I found this manifesto via a tweet from which these images come, respectively by James Provost and Joshua Rothaas . True it sounds like the commandments for a dubious religious group and the language is a little clunky; then it was executed in twenty minutes. That said, I do like some of the embedded thoughts.

It is in the doing that things get done: in the writing that books get writ. And though we are exhorted at every turn by every agent and publisher not to submit until it is perfect, it is necessary to understand what is meant by that.

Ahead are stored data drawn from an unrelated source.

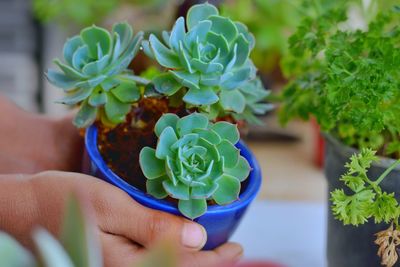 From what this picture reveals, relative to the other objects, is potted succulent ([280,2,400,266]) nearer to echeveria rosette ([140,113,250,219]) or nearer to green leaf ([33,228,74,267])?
echeveria rosette ([140,113,250,219])

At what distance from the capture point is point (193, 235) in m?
0.50

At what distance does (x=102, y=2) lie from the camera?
1384mm

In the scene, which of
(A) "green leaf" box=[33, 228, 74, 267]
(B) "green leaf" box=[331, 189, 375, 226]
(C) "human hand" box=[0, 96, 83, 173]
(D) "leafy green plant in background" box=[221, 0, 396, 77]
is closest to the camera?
(A) "green leaf" box=[33, 228, 74, 267]

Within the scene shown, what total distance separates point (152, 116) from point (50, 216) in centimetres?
16

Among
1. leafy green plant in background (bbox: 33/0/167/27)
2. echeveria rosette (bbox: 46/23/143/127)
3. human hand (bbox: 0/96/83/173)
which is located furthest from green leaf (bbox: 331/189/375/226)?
leafy green plant in background (bbox: 33/0/167/27)

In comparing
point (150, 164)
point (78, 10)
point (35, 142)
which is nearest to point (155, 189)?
point (150, 164)

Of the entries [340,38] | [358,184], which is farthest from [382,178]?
[340,38]

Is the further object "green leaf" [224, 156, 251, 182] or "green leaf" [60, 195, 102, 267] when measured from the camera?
"green leaf" [224, 156, 251, 182]

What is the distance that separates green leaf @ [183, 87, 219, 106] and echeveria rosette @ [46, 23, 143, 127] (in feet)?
0.22

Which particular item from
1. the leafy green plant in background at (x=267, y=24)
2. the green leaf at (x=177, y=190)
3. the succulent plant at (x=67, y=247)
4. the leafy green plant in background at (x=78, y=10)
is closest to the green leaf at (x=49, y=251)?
the succulent plant at (x=67, y=247)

There is no such thing as perfection. If there were all that could be done would have all been done years ago, and human beings would be sitting peacefully together making daisy chains. Indeed, there would be nothing for us writers to write about because that is what we constantly write about – the imperfection of man and woman.
What agents and publishers want is prose that is perfect as possible in its structure, grammar, and punctuation; plot, theme and expression. Not the perfect novel, as if there was such etched in iron, monitored by the Bureau International des Poids et Mesures and stored, alongside the standard metre, in Sèvres. However, they do want your fingerprints all over the novel; your idyosyncratic eye, your quirky descriptions, your individual perspective. There will only ever be one Dostoyevsky, one Hemingway, one Flaubert, one King… name your favourite author, just as there will only ever be one you.
Pretending you know what your are doing is almost the same as knowing what you are doing…
It is a truism to say mankind is constantly trying make sense of the world around, to impose form on the shapeless, find logic in the illogical, and I believe this to be more true of writers than anyone else (apart from politicians but who would want to be a politician?). So I like the reverse of this thought: when you are floundering, out of your depth and panicing, relax – this is reality. You, as writer, live in an unreal world of dreams where you impose your order on chaos through the power of your imagination. You have just woken up for a moment. Have a bath. Pour yourself a glass of wine. In due course your dreams will take a different shape and, suddenly, all will make sense again.
If it doesn’t, Failure Counts as Done. As Do Mistakes.

This I like even more. It is the fear of failure that most inhibits the writer. So many new writers produce manuscripts that are, in marketing parlance, me too books, i.e. works that are so similar to the mainstream of the genre there is no reason why anyone should pick them up to read.

Producing a book that dares to wave a page over the parapet of books lining the shelf, and shout ‘Yahoo! Read me I’m different” is risky. It may fail. However, if it does you will learn.

Did you write a book that was different for the sake of being different. In other words, something that is contrived and awkward. Not a good idea. Difference that is valid comes about through a unique insight or perspective; a point of view that is true to itself and not imposed.

We all know how difficult it is to write, Stephen Fry elegantly elaborates this very point in his latest post, so the dread that, after all the pain, the object produced is unreadable is a serverly restricting bridle. However, if you submit tamely, you will never discover what it is like to run free.